Saved entries>

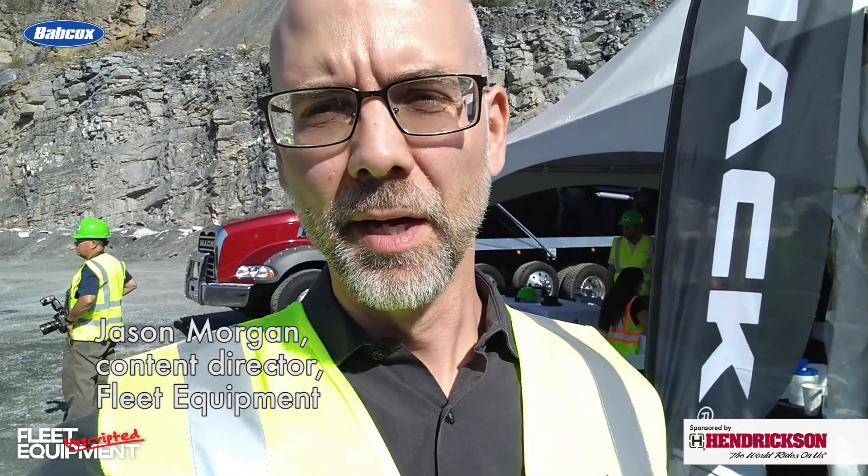Hey everyone, Jason Morgan, Content Director for Fleet Equipment. Welcome to Fleet Equipment Unscripted. We are out at the Easton Quarry in Pennsylvania. We're here with H&K. Mack Trucks has given us a look at the Command Steer, a steering assist system in vocational applications, also available on the Highway Anthem truck. We're going to hop in the cabs, take them for a drive, and see what the experience is all about. So come along and let's learn about the new systems.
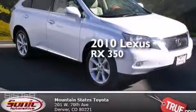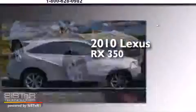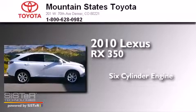This is a 2010 Lexus RX 350. It features a six-cylinder engine, an automatic transmission, and all-wheel drive.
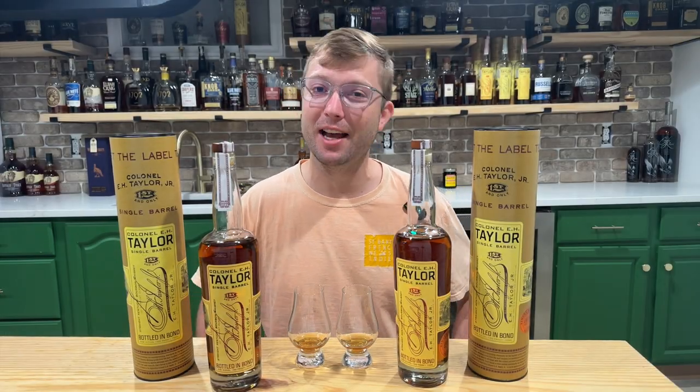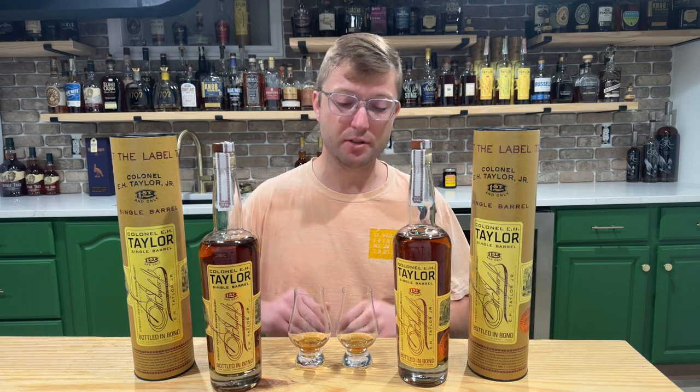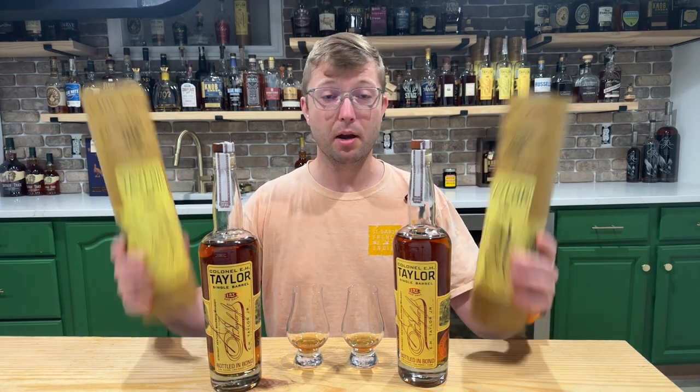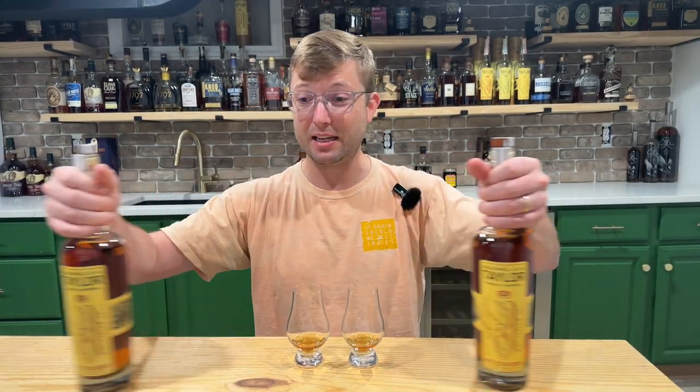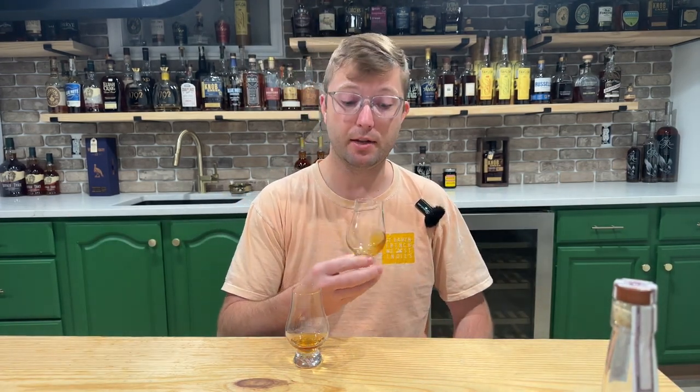Welcome back to another episode of Neat Bourbon. My name is Tanner, and today we've got round three of our pick first standards. We're going to be mixing it up a little bit today. I don't know which one of these is the pick and which one's the standard, but I do know they're both E.H. Taylor single barrels. I'm pretty excited to do this one today. I rarely get to have E.H. Taylor single barrel, so I'm not really sure what exactly I'd be looking for. I have the small batch pretty frequently, but okay.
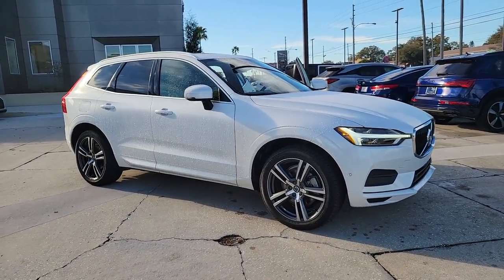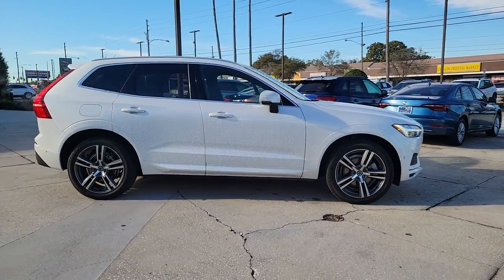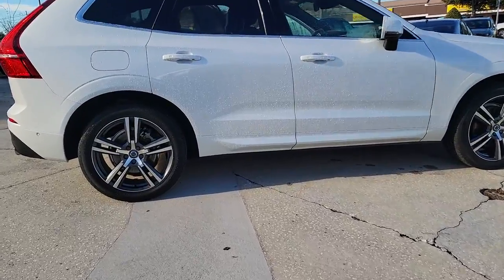You're going to love the 2019 Volvo XC60. With less than 30,000 miles on the odometer, this vehicle stands out from the rest.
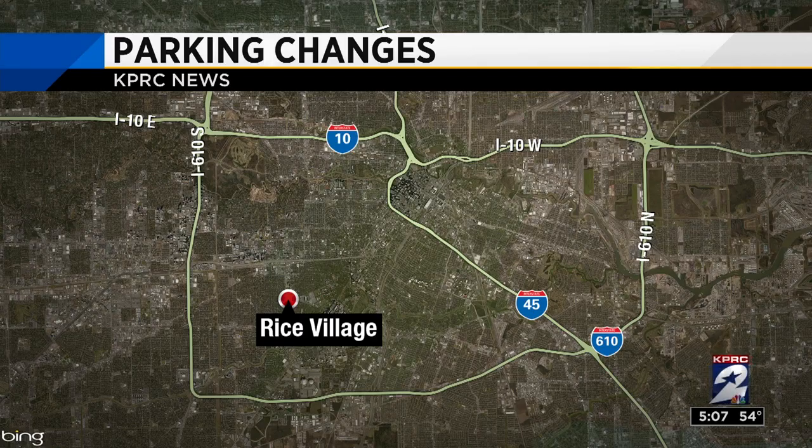Parking at one of Houston's busiest shopping areas just got a little more convenient. Beginning next month, shoppers in the Rice Village area can get storefront parking at metered spaces.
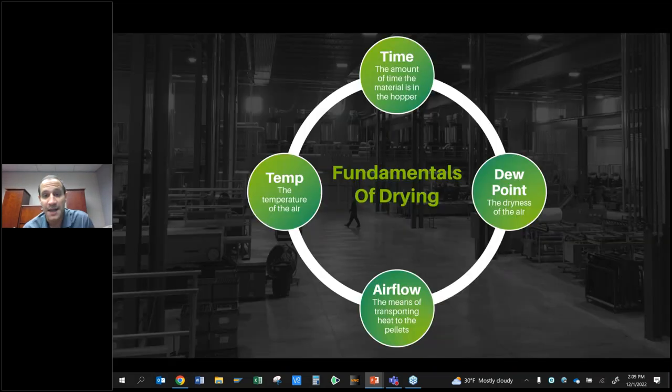Time is the amount of time that material spends in the hopper — you might hear it called residence time. The bigger the hopper, in general, the more time material spends there. Temperature is the temperature of the air, and it's dictated by the type of material being dried — you can find it on your material data sheet from the material supplier. For example, PET dries at 330 to 350 degrees for six hours; polycarbonate maybe 250 degrees for three to four hours. But check with your material supplier for your specific grade.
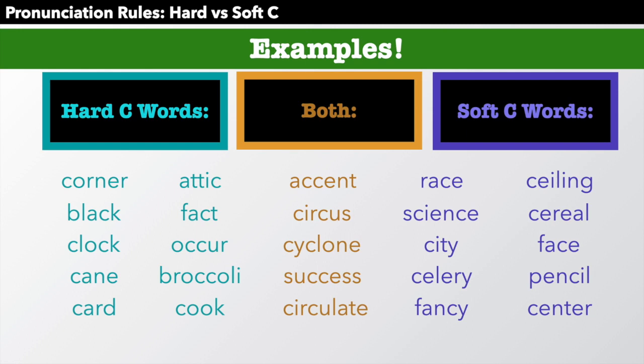And the soft C words on the other side: race, science — two soft Cs — city, celery, fancy, ceiling, cereal, face, pencil, center.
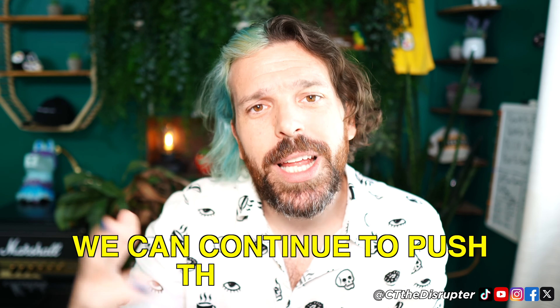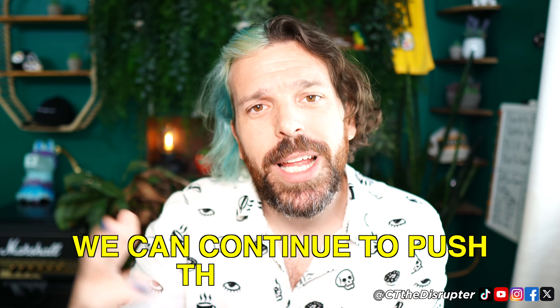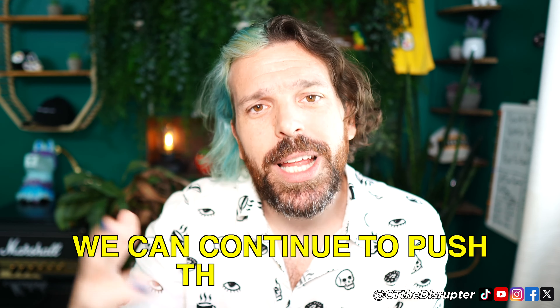We have a compounding effect: more data means the machine gets smarter, more efficiency means our dollar works harder and harder, and as long as we're efficient enough we're going to spend more and more money. That's three layers of compounding interest stacked on top of each other. So the business rule: we need to be at least 5% more efficient than our target. Our target was $50, so 5% better than that is $47.50. We also don't want to apply this to every campaign — only the ones where this is appropriate.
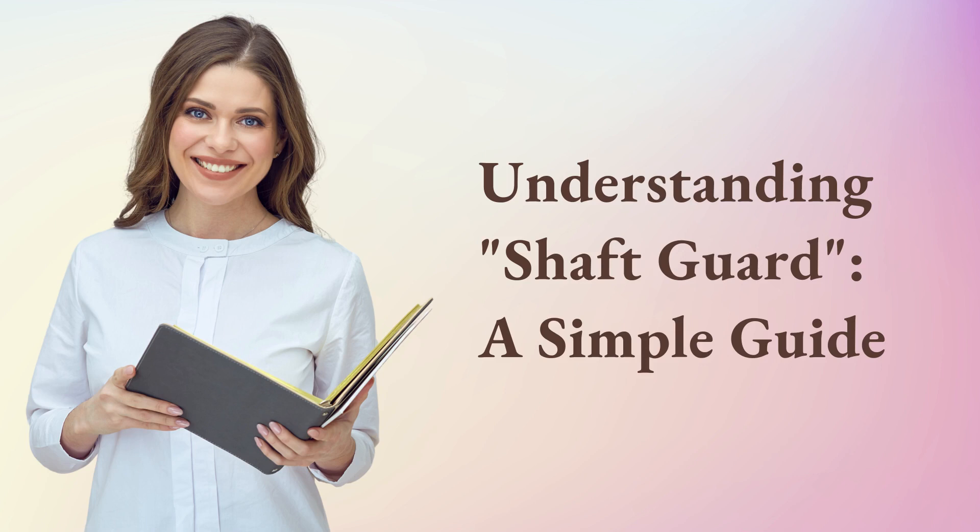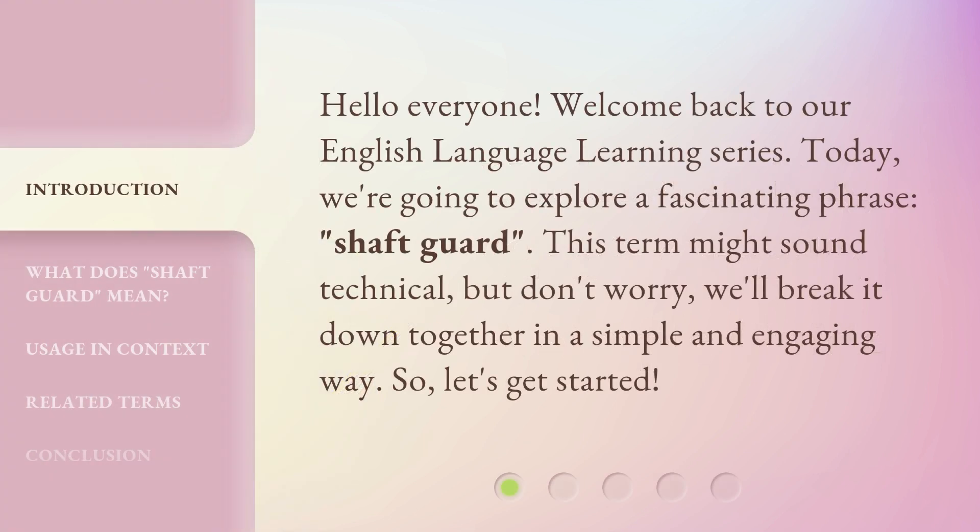Understanding Shaft Guard: A Simple Guide. Hello everyone, welcome back to our English language learning series. Today, we're going to explore a fascinating phrase, Shaft Guard. This term might sound technical, but don't worry, we'll break it down together in a simple and engaging way. So, let's get started.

Assignment> Copy out every entry above exactly. Leave the pictures out.

Reply>
Hey everyone, Jason Morgan, Content Director for Fleet Equipment. Welcome to Fleet Equipment Unscripted. We are out at the Easton Quarry in Pennsylvania. We're here with H&K. Mack Trucks has given us a look at the Command Steer, a steering assist system in vocational applications, also available on the Highway Anthem truck. We're going to hop in the cabs, take them for a drive, and see what the experience is all about. So come along and let's learn about the new systems.
This is a 2010 Lexus RX 350. It features a six-cylinder engine, an automatic transmission, and all-wheel drive.
Welcome back to another episode of Neat Bourbon. My name is Tanner, and today we've got round three of our pick first standards. We're going to be mixing it up a little bit today. I don't know which one of these is the pick and which one's the standard, but I do know they're both E.H. Taylor single barrels. I'm pretty excited to do this one today. I rarely get to have E.H. Taylor single barrel, so I'm not really sure what exactly I'd be looking for. I have the small batch pretty frequently, but okay.
You're going to love the 2019 Volvo XC60. With less than 30,000 miles on the odometer, this vehicle stands out from the rest.
Parking at one of Houston's busiest shopping areas just got a little more convenient. Beginning next month, shoppers in the Rice Village area can get storefront parking at metered spaces.
Time is the amount of time that material spends in the hopper — you might hear it called residence time. The bigger the hopper, in general, the more time material spends there. Temperature is the temperature of the air, and it's dictated by the type of material being dried — you can find it on your material data sheet from the material supplier. For example, PET dries at 330 to 350 degrees for six hours; polycarbonate maybe 250 degrees for three to four hours. But check with your material supplier for your specific grade.
And the soft C words on the other side: race, science — two soft Cs — city, celery, fancy, ceiling, cereal, face, pencil, center.
We have a compounding effect: more data means the machine gets smarter, more efficiency means our dollar works harder and harder, and as long as we're efficient enough we're going to spend more and more money. That's three layers of compounding interest stacked on top of each other. So the business rule: we need to be at least 5% more efficient than our target. Our target was $50, so 5% better than that is $47.50. We also don't want to apply this to every campaign — only the ones where this is appropriate.
Understanding Shaft Guard: A Simple Guide. Hello everyone, welcome back to our English language learning series. Today, we're going to explore a fascinating phrase, Shaft Guard. This term might sound technical, but don't worry, we'll break it down together in a simple and engaging way. So, let's get started.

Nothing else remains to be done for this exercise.